I imagined at some point having been raised by someone else, having less nurture to this side of my nature, and I don't think it'd have made a difference. I'd be worse off, even. I wouldn't trade this for anything, though. It's the most I ever feel, and the alternative is numbness and ignorance. See, my theory is that our illusion of our daily lives, the consensus reality, is a facade held up to protect us from the truths of the real world. Scientists have theorized that depression came about as a way to contemplate what keeps someone from integrating into society, conforming properly. I think that's a simplification, or even backwards. The withdrawal from society occurs because truth inevitably seeps through that facade, and we don't know how to deal with it. Either you learn some way to deny the truth, probably as part of a group, or you never conform to society because you've seen past the facade and you can't unsee it.

At the risk of diluting this, I'll mention one more thing.
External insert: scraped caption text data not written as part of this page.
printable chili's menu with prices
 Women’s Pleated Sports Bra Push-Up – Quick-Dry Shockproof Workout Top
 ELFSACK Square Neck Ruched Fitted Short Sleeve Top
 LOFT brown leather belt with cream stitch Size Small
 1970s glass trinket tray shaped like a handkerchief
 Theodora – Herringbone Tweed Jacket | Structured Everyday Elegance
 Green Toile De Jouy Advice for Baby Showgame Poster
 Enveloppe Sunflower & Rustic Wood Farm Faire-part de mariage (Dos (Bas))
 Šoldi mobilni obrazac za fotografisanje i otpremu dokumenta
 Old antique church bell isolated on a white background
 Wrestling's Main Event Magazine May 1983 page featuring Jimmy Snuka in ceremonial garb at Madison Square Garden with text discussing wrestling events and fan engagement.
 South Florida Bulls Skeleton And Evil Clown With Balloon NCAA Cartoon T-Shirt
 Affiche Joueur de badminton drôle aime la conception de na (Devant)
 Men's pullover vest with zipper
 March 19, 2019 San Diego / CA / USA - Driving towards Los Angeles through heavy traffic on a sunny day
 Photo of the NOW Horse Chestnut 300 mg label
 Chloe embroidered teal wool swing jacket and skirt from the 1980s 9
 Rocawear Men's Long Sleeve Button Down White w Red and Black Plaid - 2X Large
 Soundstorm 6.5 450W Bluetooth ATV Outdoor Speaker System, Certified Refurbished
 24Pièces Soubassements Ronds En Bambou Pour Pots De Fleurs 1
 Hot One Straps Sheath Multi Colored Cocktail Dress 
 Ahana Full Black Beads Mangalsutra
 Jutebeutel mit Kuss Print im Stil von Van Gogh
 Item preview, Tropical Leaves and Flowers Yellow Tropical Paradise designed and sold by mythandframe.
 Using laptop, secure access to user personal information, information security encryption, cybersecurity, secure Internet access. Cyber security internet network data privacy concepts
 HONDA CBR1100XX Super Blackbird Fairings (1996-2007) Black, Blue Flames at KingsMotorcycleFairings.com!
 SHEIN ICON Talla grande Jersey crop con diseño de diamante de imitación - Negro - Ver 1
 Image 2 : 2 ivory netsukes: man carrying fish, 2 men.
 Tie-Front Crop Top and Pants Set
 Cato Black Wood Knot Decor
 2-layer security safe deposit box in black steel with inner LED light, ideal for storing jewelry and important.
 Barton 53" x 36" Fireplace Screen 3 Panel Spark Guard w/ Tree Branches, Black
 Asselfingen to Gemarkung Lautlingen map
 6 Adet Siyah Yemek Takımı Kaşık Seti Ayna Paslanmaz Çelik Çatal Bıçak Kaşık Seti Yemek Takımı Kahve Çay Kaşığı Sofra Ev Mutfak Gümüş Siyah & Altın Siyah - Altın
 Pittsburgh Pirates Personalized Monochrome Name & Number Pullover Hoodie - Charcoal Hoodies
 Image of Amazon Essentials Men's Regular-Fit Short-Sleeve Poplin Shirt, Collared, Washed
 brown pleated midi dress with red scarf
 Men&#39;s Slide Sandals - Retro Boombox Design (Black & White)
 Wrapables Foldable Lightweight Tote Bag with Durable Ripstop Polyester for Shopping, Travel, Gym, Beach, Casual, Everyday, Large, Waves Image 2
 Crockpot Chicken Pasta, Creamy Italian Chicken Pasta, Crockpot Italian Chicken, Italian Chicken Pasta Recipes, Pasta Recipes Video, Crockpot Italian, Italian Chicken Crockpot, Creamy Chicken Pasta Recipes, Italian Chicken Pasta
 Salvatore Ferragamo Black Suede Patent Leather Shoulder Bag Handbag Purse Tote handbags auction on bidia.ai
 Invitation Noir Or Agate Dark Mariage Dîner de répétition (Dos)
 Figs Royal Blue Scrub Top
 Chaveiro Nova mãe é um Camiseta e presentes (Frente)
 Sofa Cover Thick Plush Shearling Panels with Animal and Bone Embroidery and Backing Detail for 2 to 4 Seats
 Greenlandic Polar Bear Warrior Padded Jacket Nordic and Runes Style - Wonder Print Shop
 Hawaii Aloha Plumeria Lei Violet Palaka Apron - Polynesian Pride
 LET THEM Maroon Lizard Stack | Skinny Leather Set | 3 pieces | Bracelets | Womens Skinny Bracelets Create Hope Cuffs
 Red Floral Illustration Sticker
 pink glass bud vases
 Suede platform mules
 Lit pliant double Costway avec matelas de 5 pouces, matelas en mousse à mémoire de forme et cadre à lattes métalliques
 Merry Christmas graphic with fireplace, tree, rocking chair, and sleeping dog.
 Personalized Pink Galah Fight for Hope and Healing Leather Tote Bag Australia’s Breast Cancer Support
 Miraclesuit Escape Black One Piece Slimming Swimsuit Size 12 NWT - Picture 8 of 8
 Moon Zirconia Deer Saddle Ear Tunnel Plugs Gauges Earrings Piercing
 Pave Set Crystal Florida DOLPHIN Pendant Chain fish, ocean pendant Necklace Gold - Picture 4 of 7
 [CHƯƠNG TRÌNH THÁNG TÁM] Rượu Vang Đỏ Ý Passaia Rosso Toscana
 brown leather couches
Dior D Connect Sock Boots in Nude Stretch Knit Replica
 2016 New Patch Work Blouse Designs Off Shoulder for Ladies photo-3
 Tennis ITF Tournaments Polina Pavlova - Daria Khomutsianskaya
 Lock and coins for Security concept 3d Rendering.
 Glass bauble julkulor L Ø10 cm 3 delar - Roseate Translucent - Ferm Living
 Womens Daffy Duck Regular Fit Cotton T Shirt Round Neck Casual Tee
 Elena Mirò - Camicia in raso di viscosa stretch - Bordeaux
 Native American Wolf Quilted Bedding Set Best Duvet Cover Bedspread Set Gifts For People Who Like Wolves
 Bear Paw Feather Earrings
Before it became so intense, I wondered about the difference between the average American show and some of my favorite foreign or counter-cultural ones. I realized a lot of our television takes the extroverted society-centric view. We focus on people interacting with each other, and maybe on the problems that get in the way of that. It seems a little synthetic. My favorite things are more on the side of individual pathos, living in the world of a single person that always stands on the outside glaring at the masses.

Well, I felt a bit better after I came inside. Baked an apple until it burst open into sweet goo. Opened all the windows, left the oven on. Recorded the sound of rain and police sirens and loud birds. I called it white noise, but it isn't very soothing. More of an ill portent in reverse.